Large scale text mining for deriving useful insights: A case study focused on microbiome

Syed Ashif Jardary Al Ahmed; Nishad Bapatdhar; Bipin Pradeep Kumar; Samik Ghosh; Ayako Yachie; Sucheendra K Palaniappan

doi:10.3389/fphys.2022.933069

Large scale text mining for deriving useful insights: A case study focused on microbiome

Front Physiol. 2022 Aug 31:13:933069. doi: 10.3389/fphys.2022.933069. eCollection 2022.

Authors

Syed Ashif Jardary Al Ahmed¹, Nishad Bapatdhar², Bipin Pradeep Kumar², Samik Ghosh^{1

2}, Ayako Yachie^{1

2}, Sucheendra K Palaniappan^{1

2}

Affiliations

¹ SBX Corporation Inc., Tokyo, Japan.
² The NLP Group, The Systems Biology Institute, Tokyo, Japan.

Abstract

Text mining has been shown to be an auxiliary but key driver for modeling, data harmonization, and interpretation in bio-medicine. Scientific literature holds a wealth of information and embodies cumulative knowledge and remains the core basis on which mechanistic pathways, molecular databases, and models are built and refined. Text mining provides the necessary tools to automatically harness the potential of text. In this study, we show the potential of large-scale text mining for deriving novel insights, with a focus on the growing field of microbiome. We first collected the complete set of abstracts relevant to the microbiome from PubMed and used our text mining and intelligence platform Taxila for analysis.
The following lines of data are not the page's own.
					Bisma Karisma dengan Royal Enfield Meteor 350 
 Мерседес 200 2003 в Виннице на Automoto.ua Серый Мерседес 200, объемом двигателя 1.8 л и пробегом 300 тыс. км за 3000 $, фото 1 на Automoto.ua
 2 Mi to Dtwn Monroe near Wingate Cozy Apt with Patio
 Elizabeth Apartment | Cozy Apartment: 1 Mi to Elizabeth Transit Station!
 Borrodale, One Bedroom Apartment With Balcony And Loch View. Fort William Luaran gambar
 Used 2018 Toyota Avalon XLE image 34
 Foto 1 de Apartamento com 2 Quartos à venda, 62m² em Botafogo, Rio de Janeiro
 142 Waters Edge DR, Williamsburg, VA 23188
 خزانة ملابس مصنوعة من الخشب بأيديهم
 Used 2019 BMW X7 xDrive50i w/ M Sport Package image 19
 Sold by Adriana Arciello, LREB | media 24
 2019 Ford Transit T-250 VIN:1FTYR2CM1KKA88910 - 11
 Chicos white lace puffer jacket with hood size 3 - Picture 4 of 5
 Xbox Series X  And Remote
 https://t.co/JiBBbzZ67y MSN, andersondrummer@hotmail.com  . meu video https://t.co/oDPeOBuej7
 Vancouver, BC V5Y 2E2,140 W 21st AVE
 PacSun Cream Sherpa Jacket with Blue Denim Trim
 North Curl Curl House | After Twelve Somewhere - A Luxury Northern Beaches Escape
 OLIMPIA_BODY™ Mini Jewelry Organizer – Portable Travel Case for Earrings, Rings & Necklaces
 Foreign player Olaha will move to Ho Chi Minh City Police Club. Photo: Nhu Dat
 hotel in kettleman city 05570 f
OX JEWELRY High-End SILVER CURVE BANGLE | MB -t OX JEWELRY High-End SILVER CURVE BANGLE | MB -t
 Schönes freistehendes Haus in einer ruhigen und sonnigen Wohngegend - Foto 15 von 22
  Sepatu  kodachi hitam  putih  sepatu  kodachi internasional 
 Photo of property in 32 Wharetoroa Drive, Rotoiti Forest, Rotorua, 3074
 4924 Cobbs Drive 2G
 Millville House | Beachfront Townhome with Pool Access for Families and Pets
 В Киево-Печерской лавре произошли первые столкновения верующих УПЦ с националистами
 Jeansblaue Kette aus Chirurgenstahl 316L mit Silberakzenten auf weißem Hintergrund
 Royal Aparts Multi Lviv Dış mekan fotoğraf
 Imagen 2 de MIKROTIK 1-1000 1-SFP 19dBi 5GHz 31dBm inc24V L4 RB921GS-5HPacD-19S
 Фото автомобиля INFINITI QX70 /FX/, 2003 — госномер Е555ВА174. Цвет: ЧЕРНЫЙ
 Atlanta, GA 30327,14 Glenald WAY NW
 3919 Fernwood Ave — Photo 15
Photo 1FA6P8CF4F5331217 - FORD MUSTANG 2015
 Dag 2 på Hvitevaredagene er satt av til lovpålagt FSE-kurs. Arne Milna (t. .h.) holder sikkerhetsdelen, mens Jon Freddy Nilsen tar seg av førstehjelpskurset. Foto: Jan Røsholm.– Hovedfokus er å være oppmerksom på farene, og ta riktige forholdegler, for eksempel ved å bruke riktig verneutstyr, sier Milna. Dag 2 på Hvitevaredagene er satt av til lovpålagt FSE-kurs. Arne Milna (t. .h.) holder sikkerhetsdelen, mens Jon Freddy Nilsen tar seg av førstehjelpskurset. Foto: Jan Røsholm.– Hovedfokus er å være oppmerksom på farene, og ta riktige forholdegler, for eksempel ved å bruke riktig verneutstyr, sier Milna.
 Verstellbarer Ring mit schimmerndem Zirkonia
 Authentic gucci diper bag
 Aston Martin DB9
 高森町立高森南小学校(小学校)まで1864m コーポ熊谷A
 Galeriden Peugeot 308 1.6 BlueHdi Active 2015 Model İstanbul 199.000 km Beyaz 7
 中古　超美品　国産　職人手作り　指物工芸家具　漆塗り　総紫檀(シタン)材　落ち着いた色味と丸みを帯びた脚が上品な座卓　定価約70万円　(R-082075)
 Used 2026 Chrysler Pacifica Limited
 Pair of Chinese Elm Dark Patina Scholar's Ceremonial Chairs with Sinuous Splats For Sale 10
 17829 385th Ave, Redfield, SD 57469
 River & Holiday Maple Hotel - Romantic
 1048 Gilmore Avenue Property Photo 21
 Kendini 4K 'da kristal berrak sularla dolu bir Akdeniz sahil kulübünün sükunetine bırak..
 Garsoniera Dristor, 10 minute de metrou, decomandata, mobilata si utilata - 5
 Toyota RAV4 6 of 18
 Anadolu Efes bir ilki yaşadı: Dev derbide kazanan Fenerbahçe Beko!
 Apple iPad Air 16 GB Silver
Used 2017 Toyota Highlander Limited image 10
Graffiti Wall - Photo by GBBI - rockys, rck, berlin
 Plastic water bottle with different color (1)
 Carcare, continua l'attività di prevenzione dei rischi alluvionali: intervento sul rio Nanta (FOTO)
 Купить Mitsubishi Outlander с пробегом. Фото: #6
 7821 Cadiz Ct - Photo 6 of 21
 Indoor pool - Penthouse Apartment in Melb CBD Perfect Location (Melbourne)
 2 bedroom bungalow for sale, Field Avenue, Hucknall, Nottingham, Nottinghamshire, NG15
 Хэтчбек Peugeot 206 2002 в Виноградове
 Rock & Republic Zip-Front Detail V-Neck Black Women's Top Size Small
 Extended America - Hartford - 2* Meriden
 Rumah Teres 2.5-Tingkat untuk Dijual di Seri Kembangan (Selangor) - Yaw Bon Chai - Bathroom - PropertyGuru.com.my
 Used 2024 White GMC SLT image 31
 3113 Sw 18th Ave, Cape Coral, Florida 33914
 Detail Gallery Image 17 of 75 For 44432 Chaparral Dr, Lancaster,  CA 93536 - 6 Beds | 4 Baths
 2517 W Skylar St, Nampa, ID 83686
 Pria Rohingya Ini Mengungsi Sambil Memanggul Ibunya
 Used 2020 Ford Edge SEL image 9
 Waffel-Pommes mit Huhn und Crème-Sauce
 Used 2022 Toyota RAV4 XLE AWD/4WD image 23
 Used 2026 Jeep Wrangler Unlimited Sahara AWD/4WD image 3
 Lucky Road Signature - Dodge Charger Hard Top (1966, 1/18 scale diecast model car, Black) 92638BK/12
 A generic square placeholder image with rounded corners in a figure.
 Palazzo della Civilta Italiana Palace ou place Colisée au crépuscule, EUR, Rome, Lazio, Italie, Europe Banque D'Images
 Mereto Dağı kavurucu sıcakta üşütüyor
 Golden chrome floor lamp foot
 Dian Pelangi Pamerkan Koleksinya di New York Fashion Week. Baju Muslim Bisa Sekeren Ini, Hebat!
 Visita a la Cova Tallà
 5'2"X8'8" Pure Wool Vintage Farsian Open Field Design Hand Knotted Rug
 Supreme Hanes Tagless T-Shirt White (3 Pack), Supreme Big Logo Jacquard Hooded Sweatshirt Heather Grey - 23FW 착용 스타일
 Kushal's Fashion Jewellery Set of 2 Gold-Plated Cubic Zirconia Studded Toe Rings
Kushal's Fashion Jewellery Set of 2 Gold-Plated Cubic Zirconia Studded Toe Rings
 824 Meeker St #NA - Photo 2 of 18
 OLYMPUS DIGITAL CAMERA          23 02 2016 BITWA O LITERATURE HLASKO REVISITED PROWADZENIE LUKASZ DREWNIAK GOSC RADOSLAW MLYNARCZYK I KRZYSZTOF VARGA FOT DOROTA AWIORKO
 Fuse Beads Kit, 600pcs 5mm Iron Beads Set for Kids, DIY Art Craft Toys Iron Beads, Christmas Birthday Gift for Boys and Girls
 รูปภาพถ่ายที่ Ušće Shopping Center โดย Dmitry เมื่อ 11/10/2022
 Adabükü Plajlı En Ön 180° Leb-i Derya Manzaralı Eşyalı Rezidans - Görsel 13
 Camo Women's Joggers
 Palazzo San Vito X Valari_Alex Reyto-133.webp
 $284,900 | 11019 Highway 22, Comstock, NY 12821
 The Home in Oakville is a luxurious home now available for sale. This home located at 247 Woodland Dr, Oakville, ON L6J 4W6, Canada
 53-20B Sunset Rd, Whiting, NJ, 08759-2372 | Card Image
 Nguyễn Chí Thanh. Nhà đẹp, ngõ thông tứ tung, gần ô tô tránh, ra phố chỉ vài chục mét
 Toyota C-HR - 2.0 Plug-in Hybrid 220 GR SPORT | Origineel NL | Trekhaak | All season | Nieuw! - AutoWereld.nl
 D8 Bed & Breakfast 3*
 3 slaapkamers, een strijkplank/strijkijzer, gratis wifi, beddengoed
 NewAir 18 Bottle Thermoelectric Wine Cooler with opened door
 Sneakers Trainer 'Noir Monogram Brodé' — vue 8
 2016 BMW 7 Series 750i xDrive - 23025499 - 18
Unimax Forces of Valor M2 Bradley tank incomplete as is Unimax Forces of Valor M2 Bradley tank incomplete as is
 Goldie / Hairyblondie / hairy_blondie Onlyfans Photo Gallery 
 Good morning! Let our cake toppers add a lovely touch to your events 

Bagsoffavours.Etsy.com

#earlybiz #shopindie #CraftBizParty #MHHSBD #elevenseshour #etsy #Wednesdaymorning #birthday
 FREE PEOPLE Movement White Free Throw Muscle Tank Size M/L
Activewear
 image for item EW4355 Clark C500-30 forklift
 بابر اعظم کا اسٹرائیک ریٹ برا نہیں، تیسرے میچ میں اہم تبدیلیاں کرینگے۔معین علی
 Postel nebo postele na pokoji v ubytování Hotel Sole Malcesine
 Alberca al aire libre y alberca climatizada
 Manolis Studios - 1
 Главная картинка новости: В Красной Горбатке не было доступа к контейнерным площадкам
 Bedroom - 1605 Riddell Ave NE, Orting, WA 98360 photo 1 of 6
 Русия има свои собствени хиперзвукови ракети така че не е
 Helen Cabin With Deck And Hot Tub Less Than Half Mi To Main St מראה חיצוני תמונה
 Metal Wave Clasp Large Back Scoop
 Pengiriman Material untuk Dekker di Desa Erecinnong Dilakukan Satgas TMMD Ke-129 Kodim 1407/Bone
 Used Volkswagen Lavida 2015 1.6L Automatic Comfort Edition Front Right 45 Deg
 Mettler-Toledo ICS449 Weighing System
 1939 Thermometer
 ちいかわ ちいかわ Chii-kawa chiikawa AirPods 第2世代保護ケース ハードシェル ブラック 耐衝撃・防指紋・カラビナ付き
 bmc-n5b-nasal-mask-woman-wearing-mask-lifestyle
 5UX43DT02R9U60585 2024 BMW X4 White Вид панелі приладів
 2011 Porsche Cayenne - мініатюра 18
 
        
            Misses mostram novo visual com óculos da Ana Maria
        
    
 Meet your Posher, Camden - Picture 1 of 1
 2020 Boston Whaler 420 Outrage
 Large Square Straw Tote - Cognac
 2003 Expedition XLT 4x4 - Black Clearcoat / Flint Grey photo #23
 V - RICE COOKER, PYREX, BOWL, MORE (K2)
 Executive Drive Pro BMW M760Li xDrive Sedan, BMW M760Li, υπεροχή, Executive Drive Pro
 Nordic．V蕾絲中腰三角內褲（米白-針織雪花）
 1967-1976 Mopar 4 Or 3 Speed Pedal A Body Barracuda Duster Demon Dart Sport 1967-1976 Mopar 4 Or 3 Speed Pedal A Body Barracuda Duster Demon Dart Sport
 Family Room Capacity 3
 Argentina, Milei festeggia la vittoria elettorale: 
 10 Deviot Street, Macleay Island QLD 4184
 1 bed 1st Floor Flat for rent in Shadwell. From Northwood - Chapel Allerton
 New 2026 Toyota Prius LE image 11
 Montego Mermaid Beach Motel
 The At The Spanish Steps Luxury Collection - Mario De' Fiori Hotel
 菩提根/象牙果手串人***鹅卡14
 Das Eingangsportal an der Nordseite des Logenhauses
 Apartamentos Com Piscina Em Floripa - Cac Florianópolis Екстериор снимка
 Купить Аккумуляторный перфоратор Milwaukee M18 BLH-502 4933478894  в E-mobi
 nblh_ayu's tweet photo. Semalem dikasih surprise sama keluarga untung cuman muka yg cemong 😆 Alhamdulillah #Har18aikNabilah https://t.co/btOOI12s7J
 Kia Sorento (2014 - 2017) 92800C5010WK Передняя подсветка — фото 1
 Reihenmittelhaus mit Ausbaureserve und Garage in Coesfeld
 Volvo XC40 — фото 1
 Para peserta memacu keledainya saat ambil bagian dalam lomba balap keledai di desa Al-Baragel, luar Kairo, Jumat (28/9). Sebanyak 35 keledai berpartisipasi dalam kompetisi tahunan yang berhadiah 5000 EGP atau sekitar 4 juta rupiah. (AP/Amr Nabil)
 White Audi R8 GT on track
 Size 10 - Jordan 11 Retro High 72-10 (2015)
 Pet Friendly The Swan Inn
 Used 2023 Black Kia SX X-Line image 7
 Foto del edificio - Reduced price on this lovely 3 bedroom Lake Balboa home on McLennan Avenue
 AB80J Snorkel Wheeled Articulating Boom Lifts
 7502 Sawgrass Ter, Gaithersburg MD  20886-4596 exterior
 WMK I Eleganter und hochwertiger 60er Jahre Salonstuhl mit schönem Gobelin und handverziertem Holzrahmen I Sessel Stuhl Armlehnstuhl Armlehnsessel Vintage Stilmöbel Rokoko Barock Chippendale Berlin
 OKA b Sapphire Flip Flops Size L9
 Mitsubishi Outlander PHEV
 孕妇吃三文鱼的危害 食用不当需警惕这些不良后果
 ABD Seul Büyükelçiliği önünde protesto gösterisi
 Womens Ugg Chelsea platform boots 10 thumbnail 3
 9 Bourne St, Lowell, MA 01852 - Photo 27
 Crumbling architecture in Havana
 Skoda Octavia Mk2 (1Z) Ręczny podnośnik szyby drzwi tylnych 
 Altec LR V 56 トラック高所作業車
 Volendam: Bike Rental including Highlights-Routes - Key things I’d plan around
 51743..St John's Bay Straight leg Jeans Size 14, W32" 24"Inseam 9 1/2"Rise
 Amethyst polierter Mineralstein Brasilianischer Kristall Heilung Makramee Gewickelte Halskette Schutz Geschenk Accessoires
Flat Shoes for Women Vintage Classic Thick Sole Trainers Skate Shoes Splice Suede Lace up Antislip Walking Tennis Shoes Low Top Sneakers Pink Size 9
We drive the usefulness of text mining using two case studies. First, we analyze the geographical distribution of research and study locations for the field of microbiome by extracting geo mentions from text. Using this analysis, we were able to draw useful insights on the state of research in microbiome w. r.t geographical distributions and economic drivers. Next, to understand the relationships between diseases, microbiome, and food which are central to the field, we construct semantic relationship networks between these different concepts central to the field of microbiome. We show how such networks can be useful to derive useful insight with no prior knowledge encoded.

Keywords: PubMed; disease; food; hypothesis generation; microbiome; nlp; text-mining; word2vec.